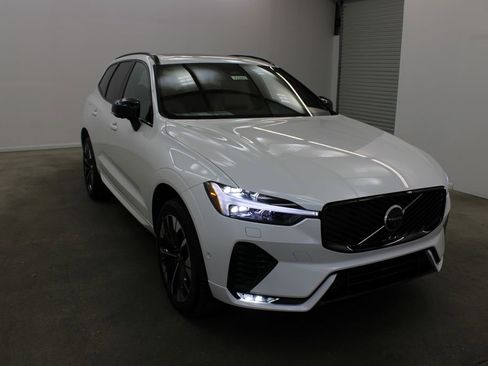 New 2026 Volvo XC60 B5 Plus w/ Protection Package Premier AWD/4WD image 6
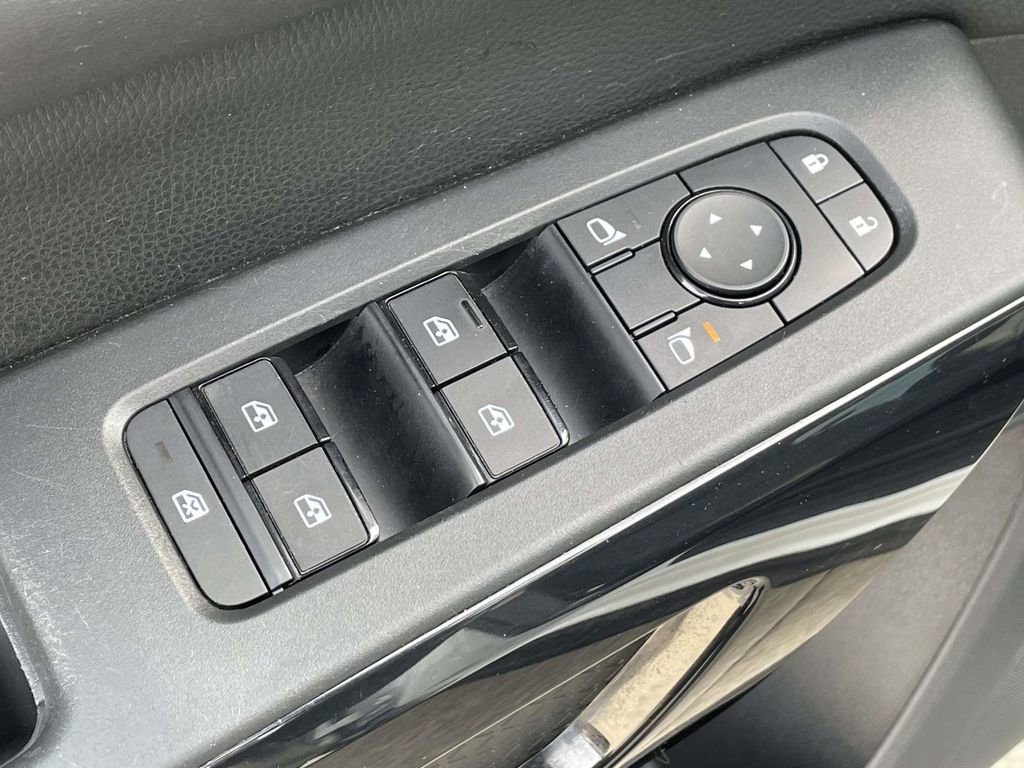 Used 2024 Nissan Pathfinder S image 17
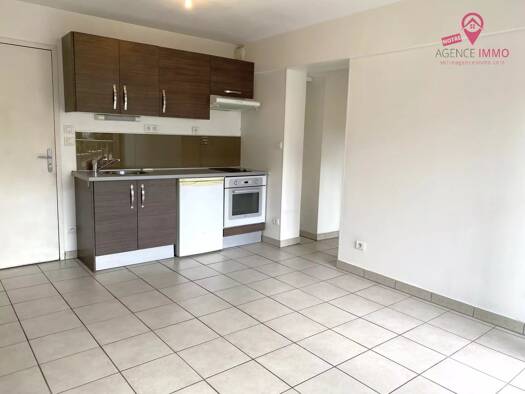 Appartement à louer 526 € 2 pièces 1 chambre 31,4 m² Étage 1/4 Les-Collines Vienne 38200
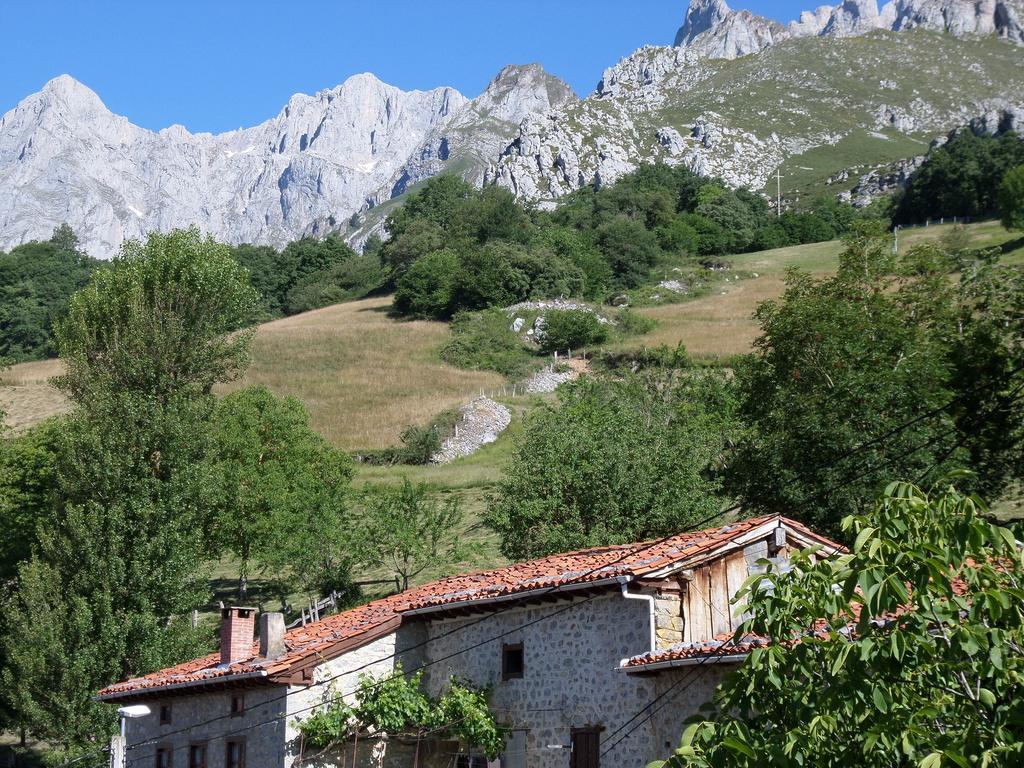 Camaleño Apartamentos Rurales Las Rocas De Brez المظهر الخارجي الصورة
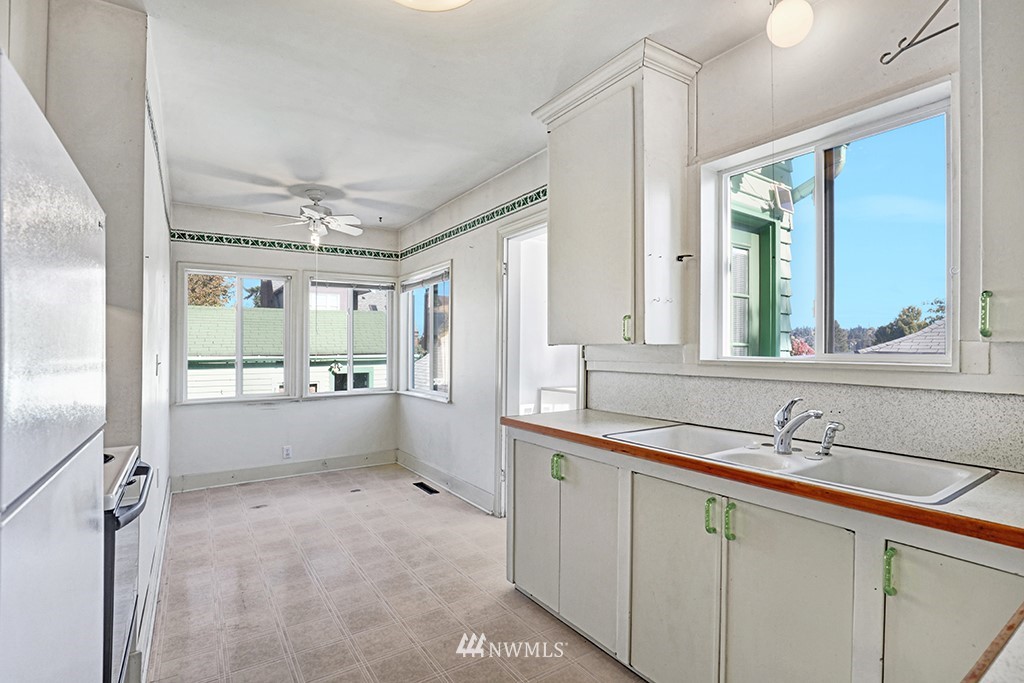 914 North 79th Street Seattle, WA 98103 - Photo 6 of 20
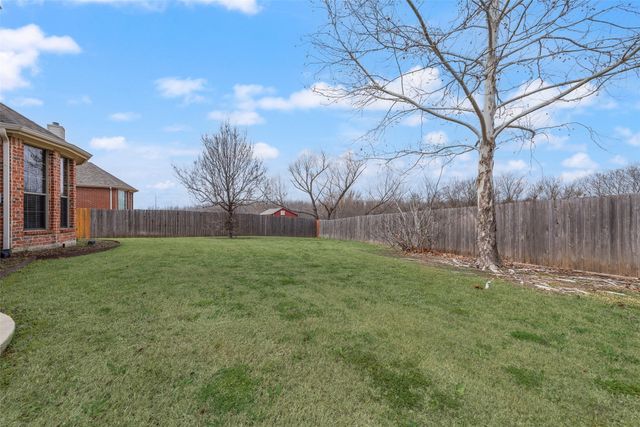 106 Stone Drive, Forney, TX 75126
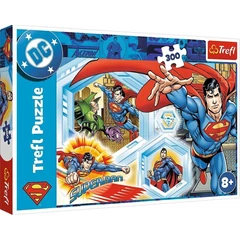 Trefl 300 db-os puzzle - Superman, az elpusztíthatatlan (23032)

--------------------

* **WORK TO BE COMPLETED**: Each line from the one with "914 North 79th" to the end of the material needs to be output word for word, with no picture included.

* **SOLUTION**:
 914 North 79th Street Seattle, WA 98103 - Photo 6 of 20
 106 Stone Drive, Forney, TX 75126
 Trefl 300 db-os puzzle - Superman, az elpusztíthatatlan (23032)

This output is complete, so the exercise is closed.